A new study says Facebook and dating apps collect the most personal information about users, though a wide range of apps are collecting more data than one would expect.
Why it matters: It’s not always intuitive which apps are grabbing data. And even when a site or app doesn’t explicitly collect a piece of information, it can still infer that information from other data it does collect.
By the numbers: The study, conducted by London-based cybersecurity firm Clario, found that Facebook collects more than 70% of all the information it can legally collect. Second on the list is Facebook’s Instagram app, which collects more than 58% of all available data — including info like hobbies, height, weight and sexual orientation.
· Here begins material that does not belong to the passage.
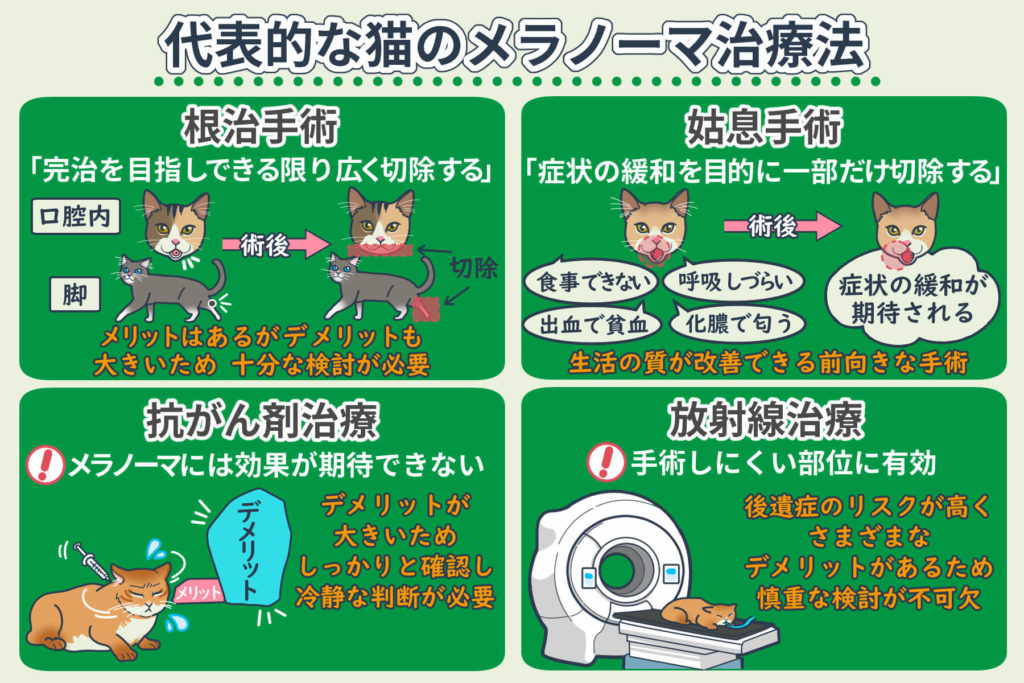 代表的な猫のメラノーマ治療法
- The next most grabby services were dating apps Tinder and Grindr, with Tinder collecting 56% of such info, including the details you’d expect a dating site to know, but also stuff you might not think of, such as whether you own a pet.
- Retail sites, even Amazon, explicitly collected less info than many other apps. But of course, they get lots of data from what you browse and buy — information they can use to infer all kinds of other data.
Between the lines: Some data makes sense when collected by one app, but less so for other types of programs. For example, it’s not surprising that exercise companies collect information on a person’s weight — but Instagram does, too.
What they’re saying: “It’s no secret that companies trade in their users’ data,” Clario CIO Alex Maklakov said in a statement.
- “We’re all guilty of accepting the terms and conditions without perhaps reading them as closely as we should. But we want everyone to know what information apps are taking from and storing on their customers so that people can feel in control online.”
Methodology: Clario said it looked at 48 popular apps across various sectors and ascertains which permissions they asked consumers for in their terms and conditions and privacy agreements.
- Clario then ranked the companies based on 34 different data points.
Yes, but: Terms of service reserve the right to collect data, but users don’t always provide it and companies don’t always collect everything they say they might.